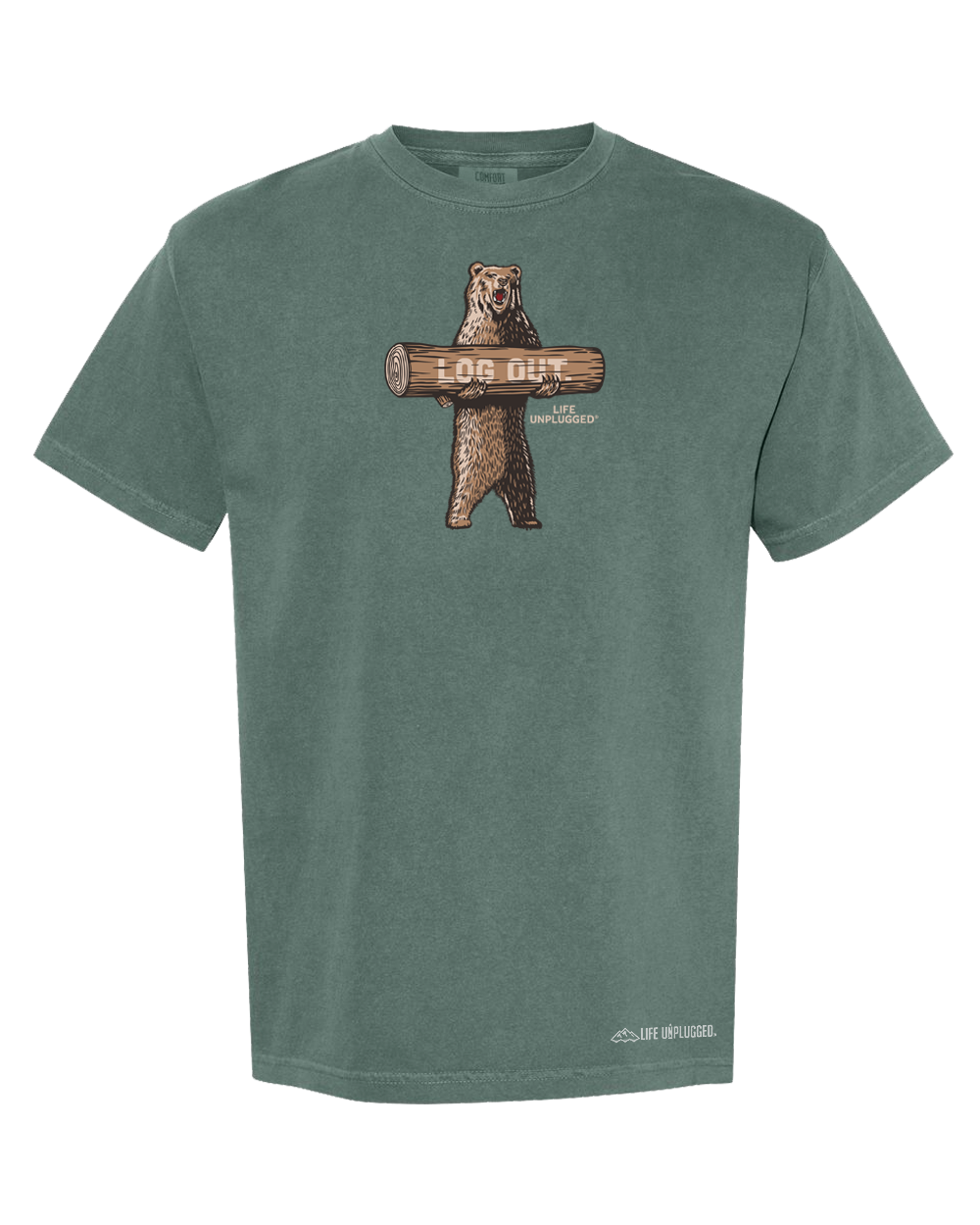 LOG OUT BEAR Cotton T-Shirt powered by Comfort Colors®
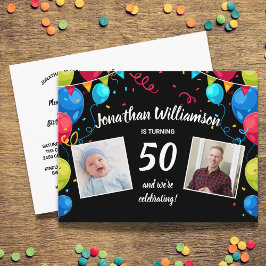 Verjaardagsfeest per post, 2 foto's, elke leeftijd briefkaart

--------------------

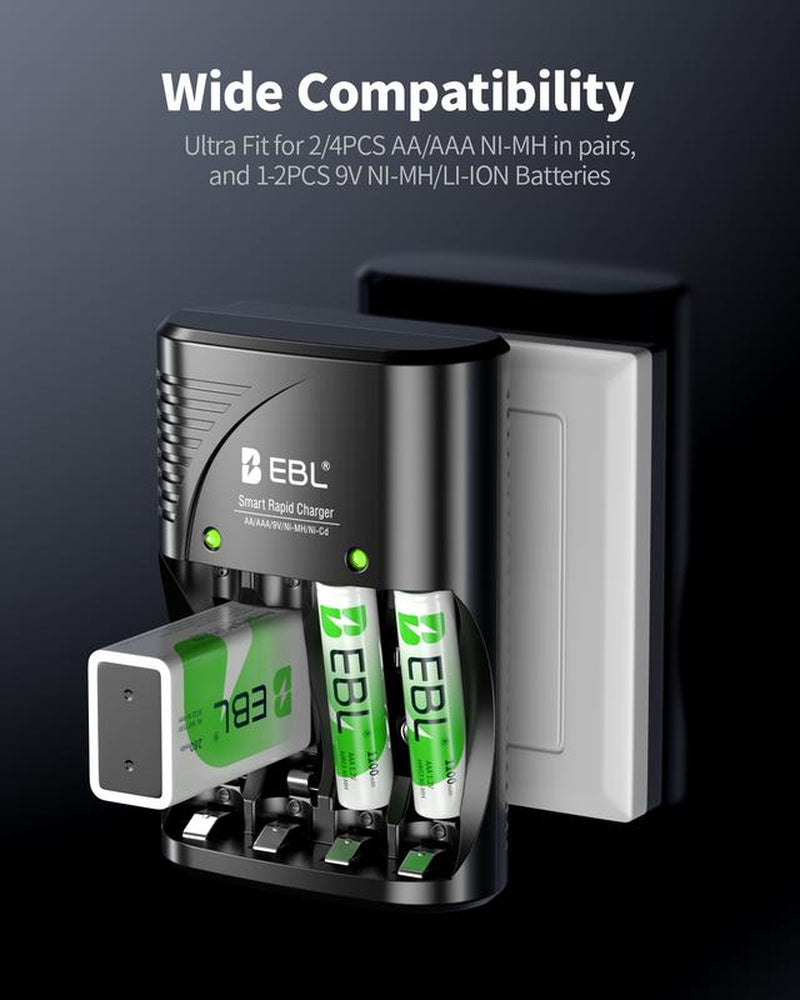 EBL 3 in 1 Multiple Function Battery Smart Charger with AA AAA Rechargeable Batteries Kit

--------------------

**EXERCISE AIM:**
An exact copy is needed of the stretch above that opens with the line containing "LOG OUT BEAR" and closes with the line containing "Verjaardagsfeest per post, 2"; the pictures are not part of it.

**WORKED SOLUTION:**
 LOG OUT BEAR Cotton T-Shirt powered by Comfort Colors®
 Verjaardagsfeest per post, 2 foto's, elke leeftijd briefkaart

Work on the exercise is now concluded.